_Collected data_.

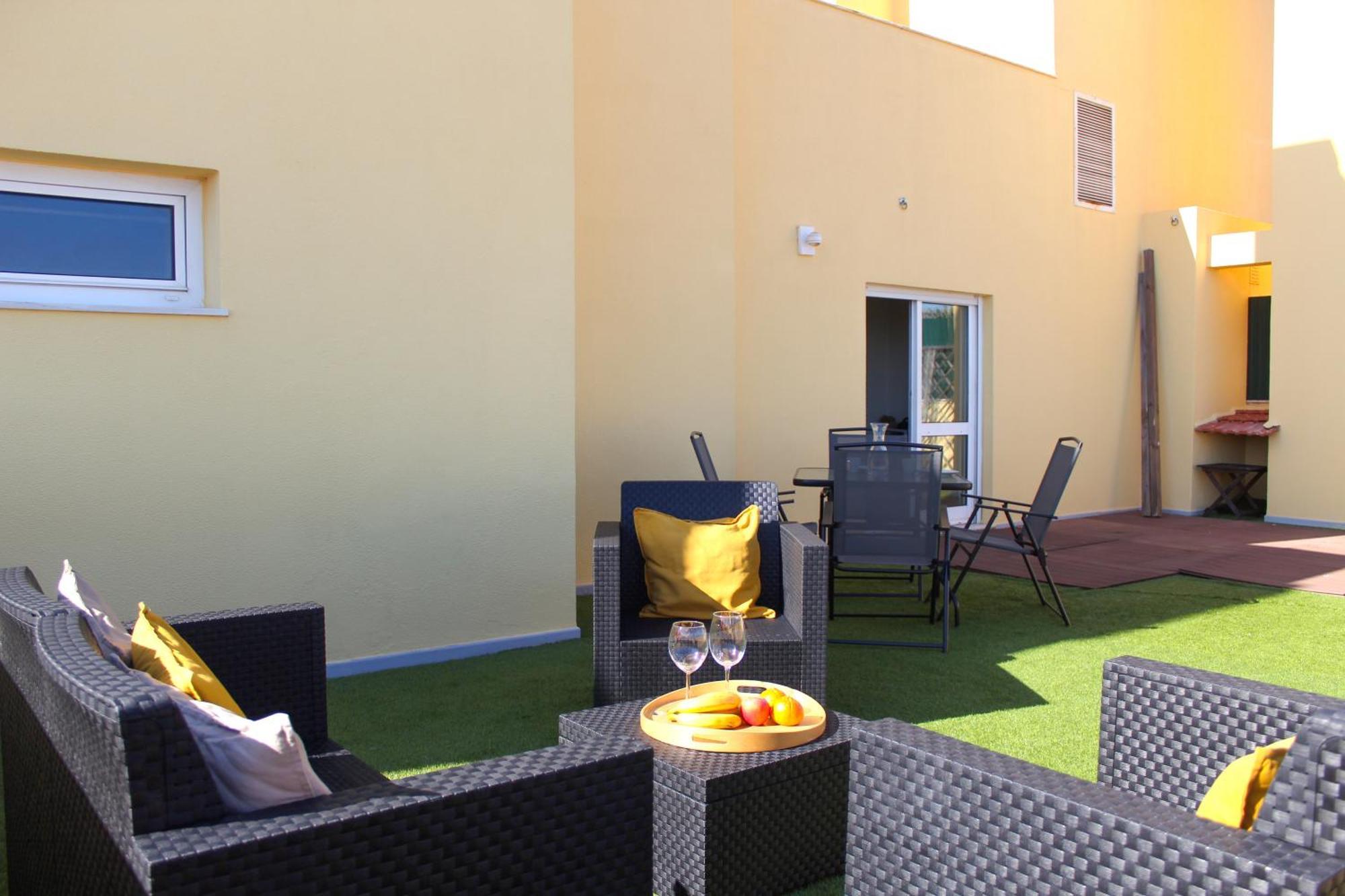 ליסבון One Bedroom Apartment With Stunning River Views And Private Rooftop! מראה חיצוני תמונה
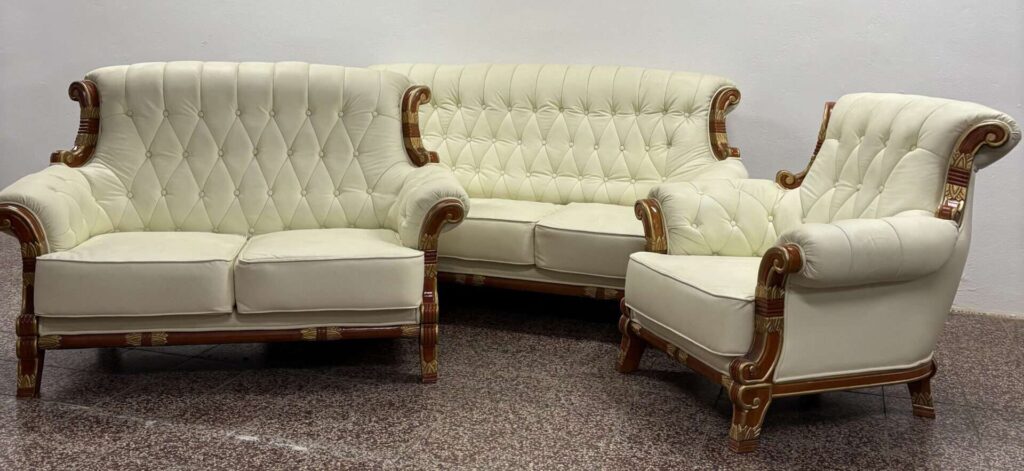 BEIGE-CHESTERFIELD-10-scaled-e1741868066966-1024x471 Chesterfield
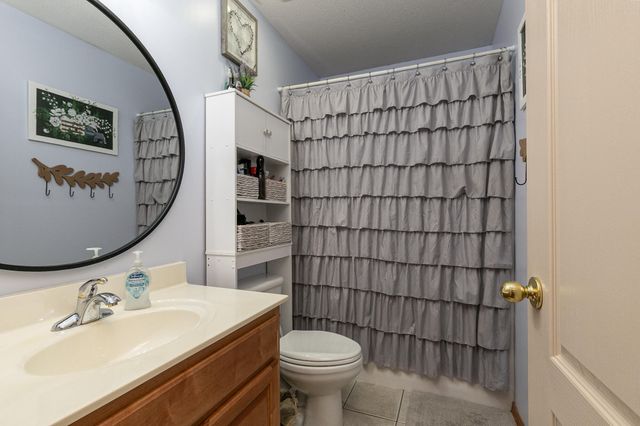 184 N Apricot Court, Nixa, MO 65714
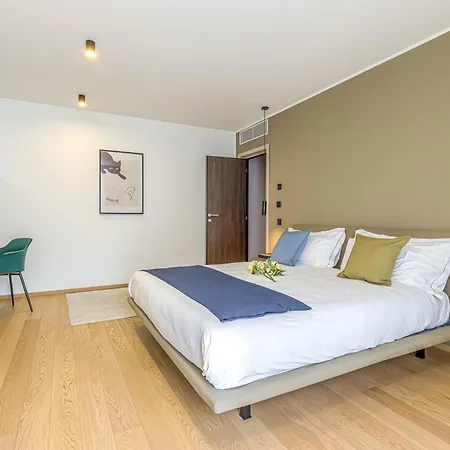 Apartment Icon H - Luxury &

_The task_. Everything in the material must be duplicated exactly, except the pictures.

_Response box_.
 ליסבון One Bedroom Apartment With Stunning River Views And Private Rooftop! מראה חיצוני תמונה
 BEIGE-CHESTERFIELD-10-scaled-e1741868066966-1024x471 Chesterfield
 184 N Apricot Court, Nixa, MO 65714
 Apartment Icon H - Luxury &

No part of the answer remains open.